Patrick has made significant strides with Massachusetts’ renewable energy, as the state ranked first in the nation in energy efficiency. The new projects funded by the $50 million started Tuesday, Assad said.
“This week the DOER is starting to get the ball rolling on getting solicitation ready, going through a public process, to determine exactly how the 40 mil grant program will be made available to communities and then soon after that process is over communities will be able to apply,” Assad said. “All of the money is going out of the door to municipalities this calendar year. The governor is committed to that.”
Some residents said contributing large funds to climate change and weather disasters is a hopeless cause.
Pat Davis, 60, of Brookline, said she does not know why the governor is throwing away this money.
“The people situating on the coast, dealing with flooding and erosion, trying to build up the coasts … keep throwing good money,” Davis said. “The coast — the water — it’s working against them. The bottom line is that they’re going to have to move. They’re fighting Mother Nature and they’re losing.”

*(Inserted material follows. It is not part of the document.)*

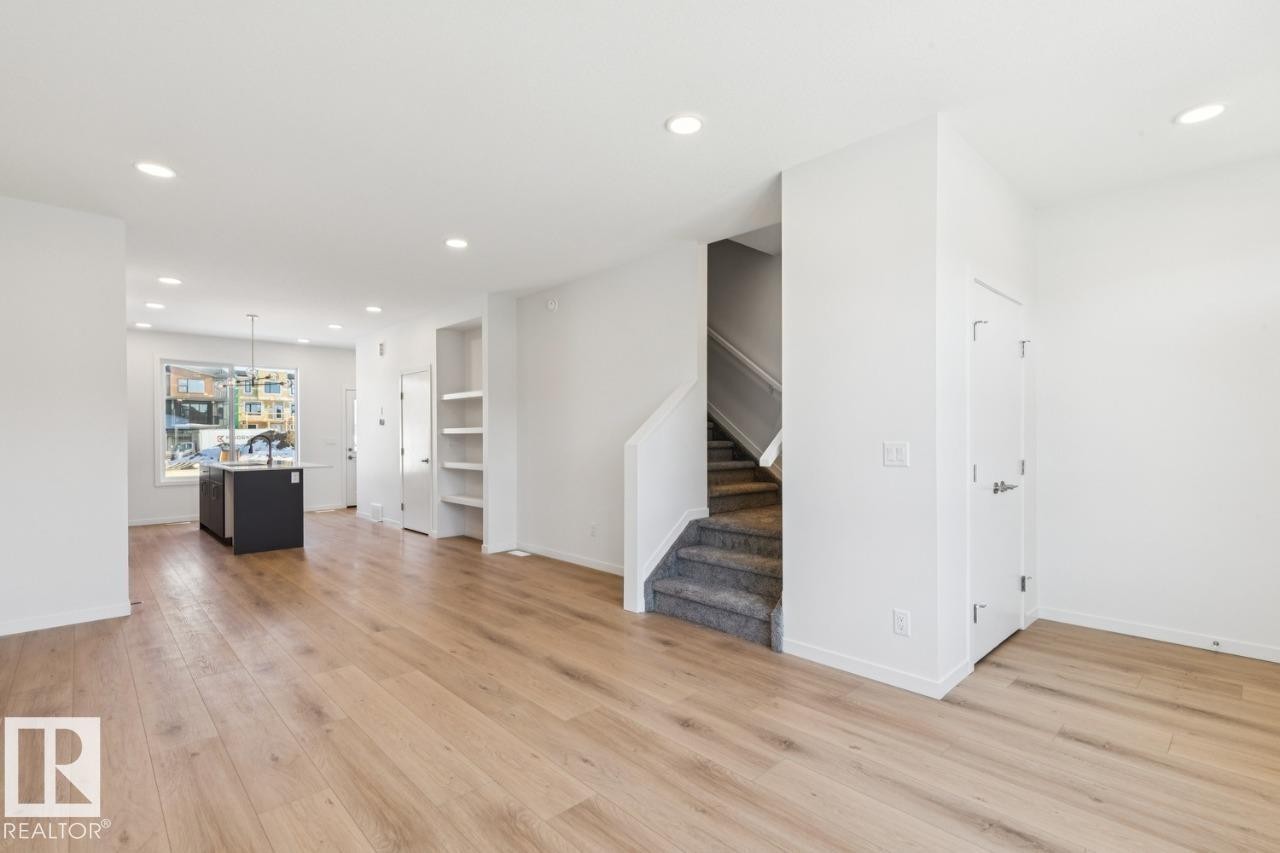 403 30 Street, Edmonton, AB - Indoor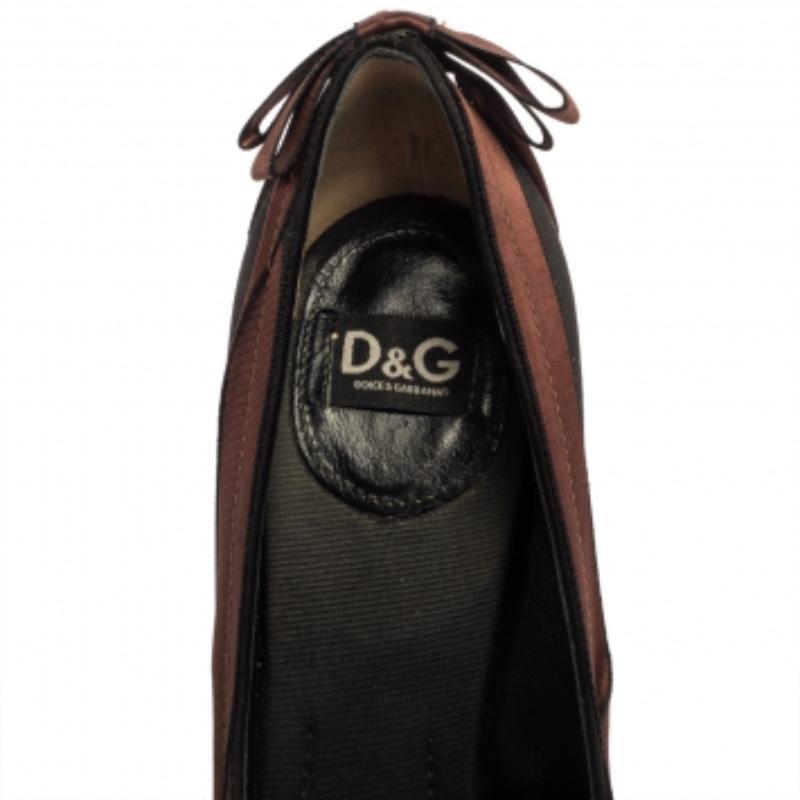 Dolce & Gabbana Black/Brown Satin Peep Toe Pumps Size 39.5 For Sale 3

Beatrice Bell, 48, of Fenway, said there are far more important places the funds could be allocated to.
“I don’t think this is a valuable investment, they could be doing more with this money,” Bell said. “It’s important, but there are a lot of other issues. He should have split this money with things like the Section 8 program, helping low-income individuals who are homeless get into jobs and homes.”
However, some residents see how this will be significant for the future of the state.
“It’s hard for people to see that it’s valuable now because it won’t show its value until a natural disaster actually happens,” said Kristina McCarthy, 24, of Brookline. “But we’ll be grateful for it one day.”